| Goal of the exercise |
Below are records to be repeated exactly. Leave their pictures behind.

| Data extract |

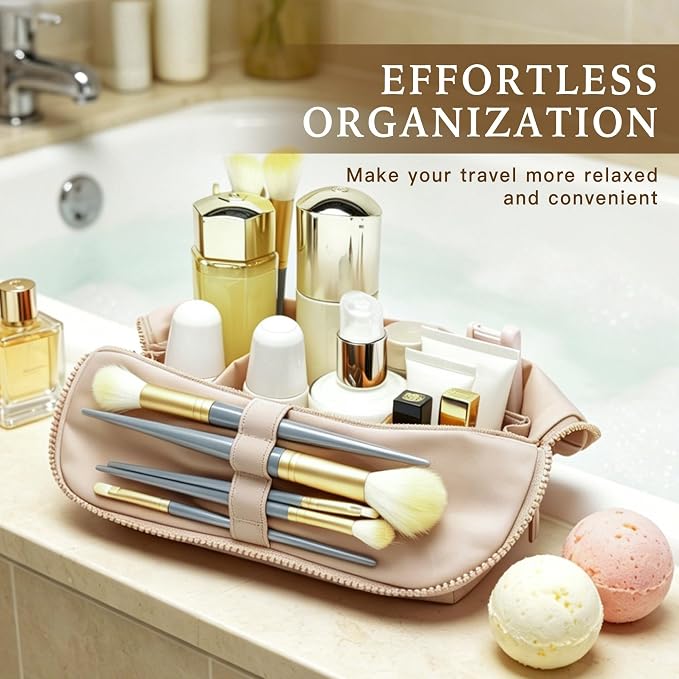 Minoisome Travel Makeup Bag,PU leather toiletry bag,make up organizer case for women,Large Capacity Cosmetic Bag,Wide-open Pouch Purse，Toiletries Accessories，Fold-Down Design and Adjustable Dividers. - Image 3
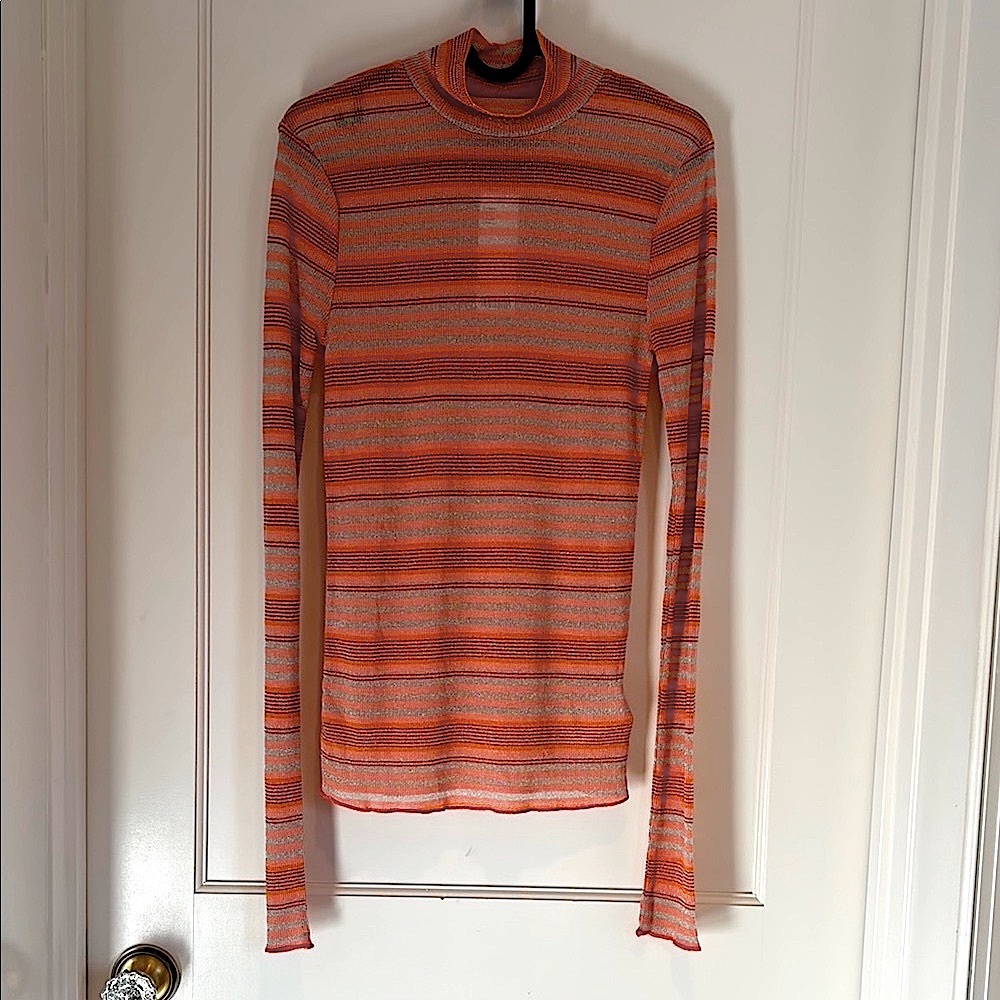 NWT Urban Outfitters striped shimmery sheer mock turtleneck long sleeve top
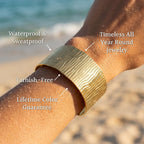 Brina Indented Ribbed Statement Cuff Bracelet - Semprie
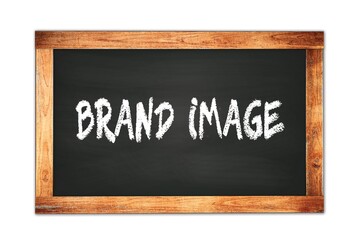 Fototapeta premium BRAND IMAGE text written on wooden frame school blackboard.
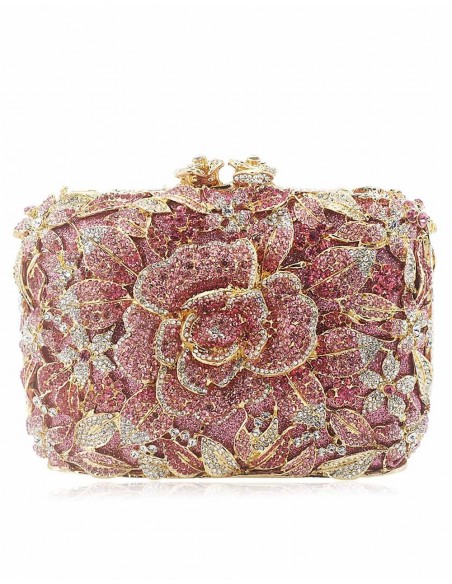Jeweled clutch bag with crystal rose Lauren Lynn London Accessories - 1  Jeweled clutch bag with crystal rose Lauren Lynn London Accessories - 1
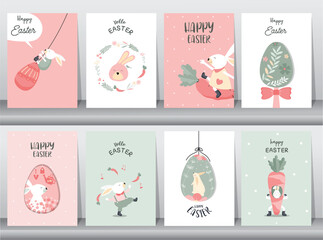 Happy Easter Set of Sale banners, greeting cards, posters, holiday ,graphic elements. Holiday covers, posters, banners. Cartoon flat. vector illustration. - 741324034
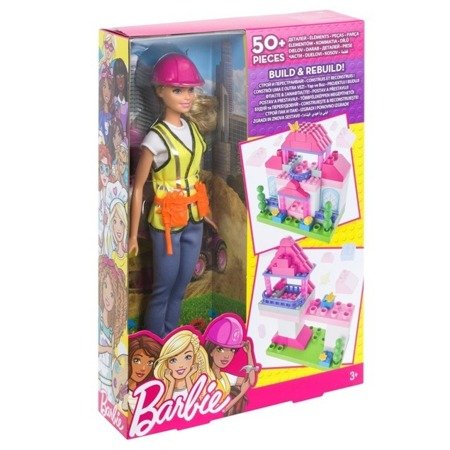 Barbie fgx67 lalka budowniczy + klocki zestaw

| Completed task |
 Minoisome Travel Makeup Bag,PU leather toiletry bag,make up organizer case for women,Large Capacity Cosmetic Bag,Wide-open Pouch Purse，Toiletries Accessories，Fold-Down Design and Adjustable Dividers. - Image 3
 NWT Urban Outfitters striped shimmery sheer mock turtleneck long sleeve top
 Brina Indented Ribbed Statement Cuff Bracelet - Semprie
 Fototapeta premium BRAND IMAGE text written on wooden frame school blackboard.
Jeweled clutch bag with crystal rose Lauren Lynn London Accessories - 1  Jeweled clutch bag with crystal rose Lauren Lynn London Accessories - 1
 Happy Easter Set of Sale banners, greeting cards, posters, holiday ,graphic elements. Holiday covers, posters, banners. Cartoon flat. vector illustration. - 741324034
 Barbie fgx67 lalka budowniczy + klocki zestaw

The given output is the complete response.